It's in assembly code basically (as we would call it now) so no surprise that it is verbose. A single line of even low level C code often corresponds to many lines of Assembly. The binary you get when you compile is no larger, it is just because you are programming it at a lower level, so less work for the compiler to do.
And - it's easy to rack up hundreds of thousands of lines of code as a single programmer working full time. For instance, if you write a hundred lines of code a day, that's a hundred thousand LOC every three years.
Depends - but low level programmers tend to write more lines of code a day, because the code is so much more verbose, so I'd expect they would write at least 100 a day in assembly, probably more, maybe several hundred??
At 100 lines of code a day, a million LOC is the result of a team of about ten programmers for three years. Very rough estimate.
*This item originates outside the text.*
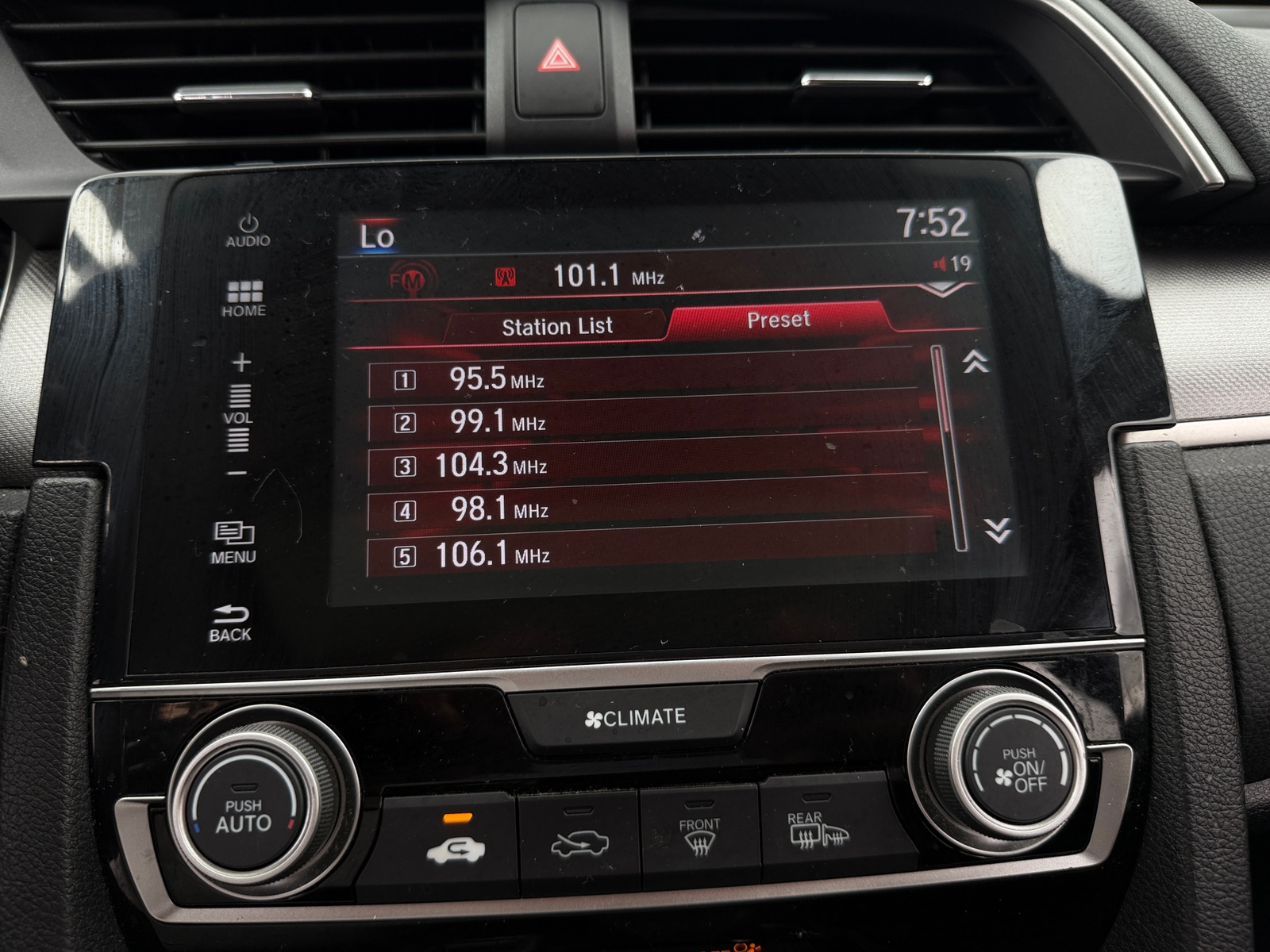 Thumbnail: 2016 Honda Civic - 4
And an individual programmer writing at a low level could easily do more than a million lines of code in their lifetime.
Much of that programming is routine stuff.
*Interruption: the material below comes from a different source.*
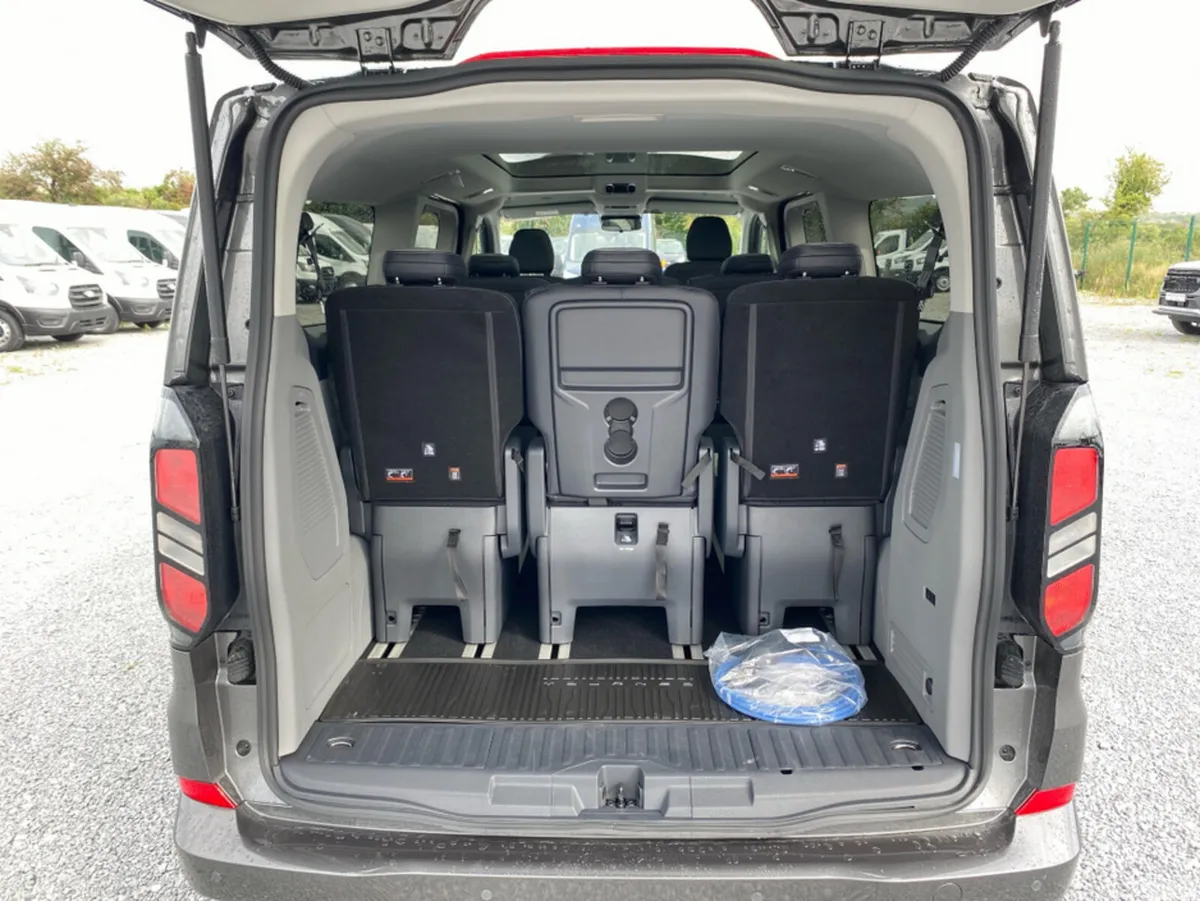 Ford Tourneo Custom Van, Petrol Plug-in Hybrid, 2026, Grey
A high level programmer, say C++ will write far fewer lines of code a day, and typically spends more time on each line of code because it encapsulates so much more functionality, don't have so much by way of "boilerplate" type code that you can just type out probably as fast as you can type.
Which doesn't mean that the program was complicated by modern standards. Just that back then you needed to write a lot more code to achieve the same things because high level languages were not yet fully developed or so widely used. Maybe it would correspond to a modern program of a few tens of thousands of lines of code?? Or whatever, just pulling a number out of a hat there.